0-1という点差以上の差を痛感させられた敗戦

前半に田川が惜しいシュートを放つなど、日本にもいくつかチャンスがあったが、決めきることができなかった。代表撮影:日本雑誌協会

 0-1以上の差。早々のゴールから日本はアルゼンチンにゲームをコントロールされた。

 日本もアルゼンチンも4-2-3-1で、攻守のデュエルが多く発生する試合。手も足も出なかった訳ではないが、0-1という点差以上の差を痛感させられた敗戦となった。

 久保建英が「決めたチームと決めていないチームは天と地ほどの差が開いてしまう」と振り返るとおり、結局はゴールを決めたか決めていないかにフォーカスされるが、一つひとつのチームとしての狡猾さという部分では0-1で、日本がひとつ決めていればというフェーズだけでは語れないものもある。

 立ち上がりは攻守の切り替わりが激しくなるなかで、日本側にもいくつかのチャンスはあった。ひとつはFW田川亨介がプレスバックでサンティアゴ・コロンバットからボールを奪ったところで、久保、三好康児、外から追い越す菅原由勢とつながったシーンはボックス内に6人が侵入する迫力だったが、ニアに走り込んだ渡辺皓太がネウエン・ペレスに防がれた。

 それから間もなく、後ろのビルドアップから右サイドバックのエルナン・デラフエンテが三笘薫のプレスを回避しながら縦に正確なフィードを送り、右ワイドに流れたFWアドルフォ・ガイチが板倉の背後に抜け出す。

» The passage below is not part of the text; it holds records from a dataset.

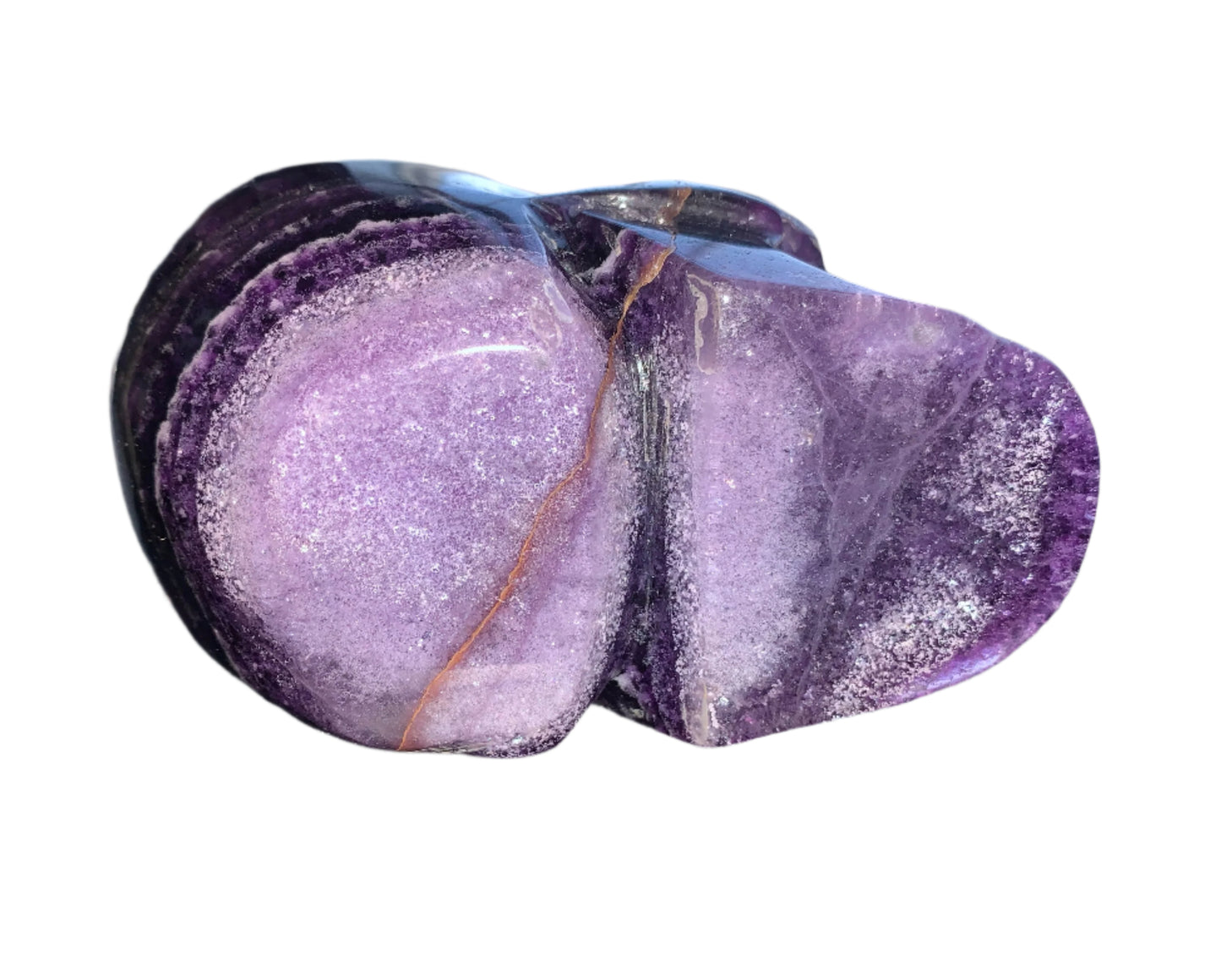 Cráneo de fluorita violeta de 4,7" con arcoíris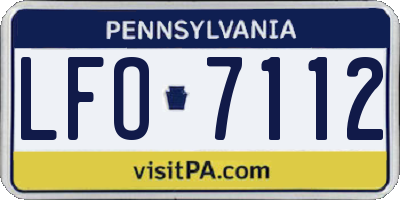 PA license plate LFO7112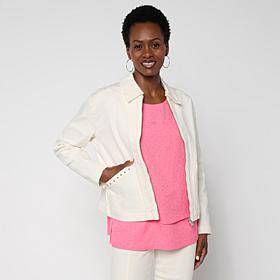 DG2 by Diane Gilman Legacy Stretch Stud Pocket Zip-Up Jacket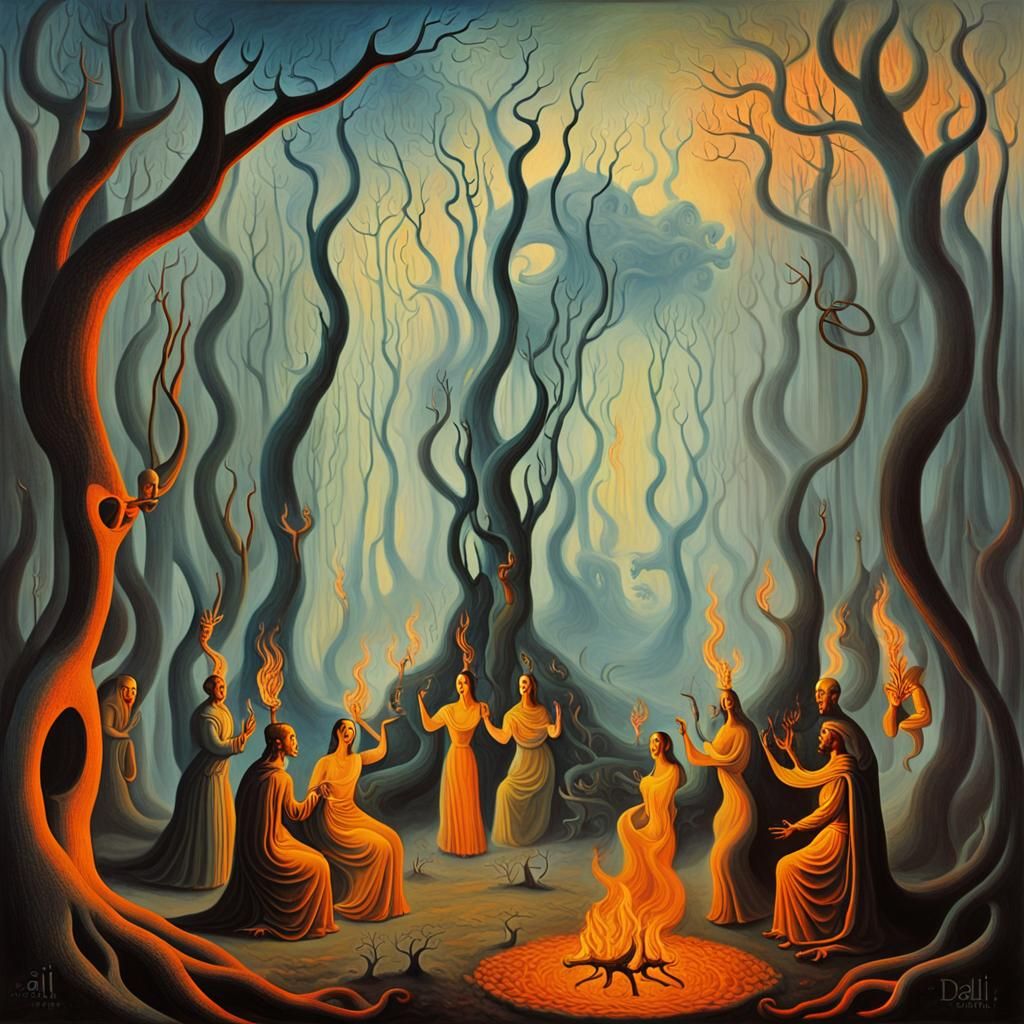 Surreal Ancient Fire Worshippers in Ethereal Forest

板倉が追いすがるが、深い位置でクロスを上げ切って最後はフェルナンド・バレンスエラのヘディングがクロスバーに当たるというシーンがあった。

 しかしながら、日本も渡辺剛の速いサイドチェンジから三笘がボールを受けて、左に回り込んだ三好が背後で受けてクロス、そこに久保が飛び込んでいくようなシーンも作っていた。17分の中山雄太を起点に左サイドバックの旗手怜央が高い位置でボールを持って、久保とのワンツーで縦を破ったシーンも形は良かった。

 ただ、そうした状況でもアルゼンチンのディフェンスがネウエン・ペレスを中心に、まったく慌てることなく的確な対処をしていたことが目を引いた。
 
 サイドから自陣に攻め込まれても、要所でフリーにさせることがないアルゼンチン。結局そのアルゼンチンを上回る崩し、フィニッシュを出し切れないまま、21分にアルゼンチンの先制ゴールを許してしまった。

 その時間帯もアルゼンチンに波状攻撃をかけられていた訳ではなく、日本側からのロングボールのセカンドを拾われて、その流れで日本のディフェンスが間延びしているところを見事に突かれた失点だった。

 自陣の左サイドからフェルナンド・バレンスエラが縦にロングパスを送り、正確にコントロールした10番のマティアス・バルガスがドリブルで板倉を振り切る形で、ゴール前には渡辺剛と菅原がラインをボールに合わせて下げたことで、ボックス内でふたりの選手をフリーに。そのひとりのガイチにヘッドで決められるという形だった。